2Così un verso de “L’ora del fucile” (1971), del Canzoniere pisano: “In Spagna e in Polonia gli operai | dimostran che la lotta non si è fermata mai | contro i padroni uniti, contro il capitalismo | anche se mascherato da un falso socialismo. | Gli operai polacchi che hanno scioperato | gridavano in corteo: Polizia Gestapo! | Gridavano: Gomulka, per te finisce male! | Marciavano cantando l’Internazionale!” (vedi anche https://www.ildeposito.org/canti/lora-del-fucile)

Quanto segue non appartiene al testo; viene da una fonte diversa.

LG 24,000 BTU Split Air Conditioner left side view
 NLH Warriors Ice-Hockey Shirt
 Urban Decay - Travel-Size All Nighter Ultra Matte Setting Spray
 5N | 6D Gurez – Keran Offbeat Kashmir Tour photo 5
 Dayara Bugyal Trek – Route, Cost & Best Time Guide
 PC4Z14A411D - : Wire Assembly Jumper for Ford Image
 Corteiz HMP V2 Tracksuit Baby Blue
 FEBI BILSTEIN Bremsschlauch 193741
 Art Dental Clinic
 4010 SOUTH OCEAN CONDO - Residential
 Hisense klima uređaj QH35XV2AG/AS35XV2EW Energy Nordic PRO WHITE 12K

4Il riferimento è al titolo del libro di Pucciarelli, M., Gli ultimi mohicani. Una storia di Democrazia proletaria, edito da Alegre nel 2011.

5Baronti, E., Con il piombo sulle ali, EDL, Lucca 2011, pp. 46-47; Eugenio Baronti (1954) ha ricoperto il ruolo di segretario provinciale di Dp dal 1980, dopo esserne stato uno dei fondatori; nel 1991 aderisce al Prc, prima di uscire dal partito nel 2010; è stato anche consigliere comunale e assessore all’ambiente nel comune di Capannori.

Articolo pubblicato nel marzo del 2020.